The case for ‘personalized medicine’ is promulgated more and more, but one difficulty is that what the term means is often unclear. To some it means no more than a personal appraisal by your local medical practitioner but to others it means the sequencing of your genome in whole or part (e.g. Buford & Pahor, 2012). But there is much more to this on both the personal side and the medicine side.
Eric Topol (Director of the Scripps Translational Science Institute) recently summarised the growing cascade of ‘omics’ (Topol, 2014). Currently, massive data collection on an individual can include one’s genome, transcriptome, proteome, metabolome, microbiome, epigenome, and even one’s exposome (or environmental exposure). Many of these ‘omic’ measures differ between tissues, organs, and disease states and change with time. This adds some dimensions to what I could call the ‘panorome’ that is you. Topol lumps these ‘omic’ measures together as the science of ‘panoromics’ – the panorama of ‘omic’ measures that signify individuality (even for so-called identical twins). The depth and accuracy of such collected data is improving rapidly.
Whole-genome sequencing is the first of the ‘omics’ to really insert itself into clinical medicine. However, note that whole-genome sequencing is not quite that, as about 3% of the genome is not accessible for sequencing. But, there is no doubt that cheap whole-genome sequencing is here to stay and its place in medicine will evolve rapidly.
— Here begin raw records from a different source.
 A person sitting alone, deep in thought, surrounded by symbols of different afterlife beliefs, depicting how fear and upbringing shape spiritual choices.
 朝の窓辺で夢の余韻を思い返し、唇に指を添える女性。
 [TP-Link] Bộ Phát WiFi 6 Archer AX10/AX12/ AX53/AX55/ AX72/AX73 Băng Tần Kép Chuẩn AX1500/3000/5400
However, it remains to be seen if the hoopla surrounding the drafting in 2003 of the genome in the Human Genome Project will become reality – the premise that we would soon know the details of heritable factors that underlie cancer, vascular disease and mental illness was legitimate optimism.
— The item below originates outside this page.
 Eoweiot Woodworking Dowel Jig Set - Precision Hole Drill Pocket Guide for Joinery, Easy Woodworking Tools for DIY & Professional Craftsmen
The use of genome sequencing will increase as more individuals with known diseases and backgrounds have their genome sequenced. This will be enhanced when many family members are also sequenced so that the impact of rare variants of diseases can be assessed. Topol proposes that the other ‘omic’ domains will also prove useful particularly when, in future, data from them can be combined for an individual. Their potential is already clear. Two examples. First, the microbiome is derived initially from the mother at birth. Part of it is the DNA of commensal bacterial flora in the gut which can control handling of drugs including some used to treat cancer and cardiac failure. It is clear that an individual’s microbiome can influence many aspects of physiology. The epigenome is the map of methylation to histone modifications in the DNA as well as alterations in chromatin structure. The science of epigenetics and the epigenome has already established a place in physiology and pathophysiology. It provides a mechanism by which endogenous and exogenous factors (such as maternal stress and temperature respectively) can effect change in the next generation and beyond. The importance of epigenetics in cancer biology is established but increasingly its role in diabetes, arthritis and hypertension is being revealed.
What Topol predicts is a medical landscape in which ‘individualized medicine’ (his preferred term) becomes the norm based on ‘panoromics’. My cautionary tale is that there is much to be learned before the hype becomes reality. We need to know more about the origins of the actual phenotype of an individual. Until then the idea that a common genetic variant will cause a common disease in that person is flawed. This is because the era of equating a gene with a phenotype is over. So, much remains to be determined. Then, when realistic benefits are demonstrated for individualized ‘omic’ medicine, there is the task of transmission of new information into society with the attendant implementation issues of cost and equity. Already we know how to influence key disease risk factors (e.g. hypertension as a cause of stroke; physical inactivity as a cause of osteoporosis) but we are well behind at implementing change, even in first-world populations.
Topol EJ (2014). Individualized medicine from prewomb to tomb. Cell 157: 241-253.
Buford TW & Pahor M. (2012). Making preventive medicine more personalized: implications for exercise-related research. Prev Med 55: 34-36.
Bird A (2007). Perceptions of epigenetics. Nature 447: 396-398.